# Presonus Studio One 3.2



## pdub (Feb 25, 2016)

Wow! Some amazing new features in this free update!

http://www.presonus.com/videos/presonuslive


----------



## apessino (Feb 26, 2016)

I thought it was already the best before, but with 3.2 SO is in a class of one - amazing stuff, and still such a fantastic workflow. The video goes into details:



There is also a new detailed course on Groove3 describing the new version. Also awesome update to the Remote app (now works on Microsoft Surface and Book!) and the CS18 control surface.

PreSonus is kicking major butt...


----------



## pdub (Feb 26, 2016)

Yeah it's amazing! Love the console effect and the new smarter tool kills.


----------



## apessino (Feb 26, 2016)

Yeah, and VCAs! Also, I have not had time to test it yet, but if the automatic tempo map from track works as expected it will be fantastic for me. Also love how now you can render instruments by dragging a part to an audio track.
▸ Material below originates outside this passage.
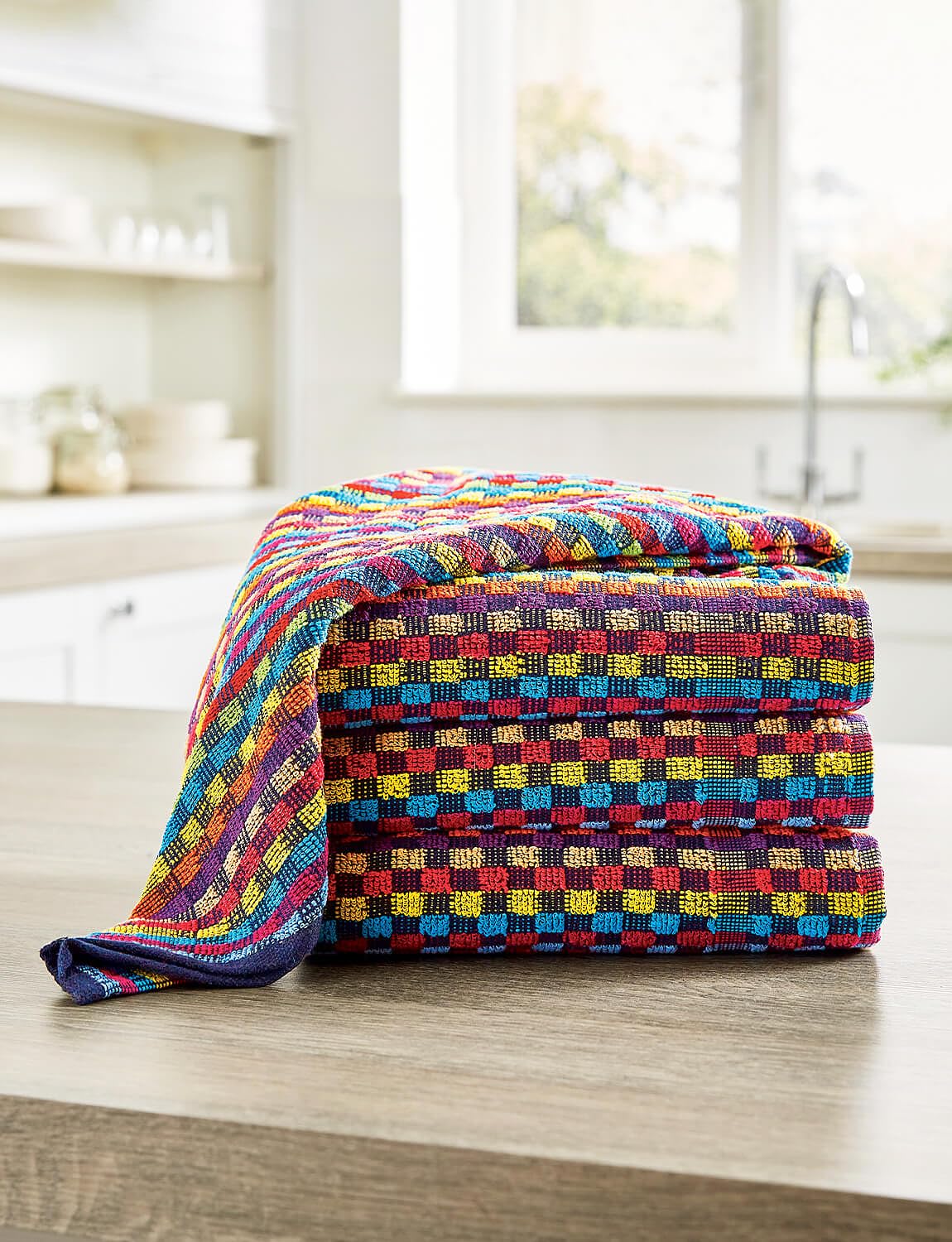 Emma Barclay Utility Towels 4 Pack Multi One Size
Hard to believe this is a free upgrade - with other companies this would have been AT LEAST a .5 release and cost $100.


----------



## emid (Feb 26, 2016)

This is really an impressive update introducing many new futures mainly to compete with Pro Tools. But still S1 is a CPU hog with no improvement in the midi area. I hope they will look into these as well.


----------



## pdub (Feb 26, 2016)

I agree they did target the PT crowd on some of it. They nabbed and improved some of my fave features. I always loved how you could trim automation in PT.

MIDI could use additional features to compete with cubase and logic but it's still totally usable for my needs.

I don't get the CPU hog though. I have pretty well spec'd systems but I feel it's more efficient with less hiccups than logic and the code is the lightest around. I feel like I'm flying in S1.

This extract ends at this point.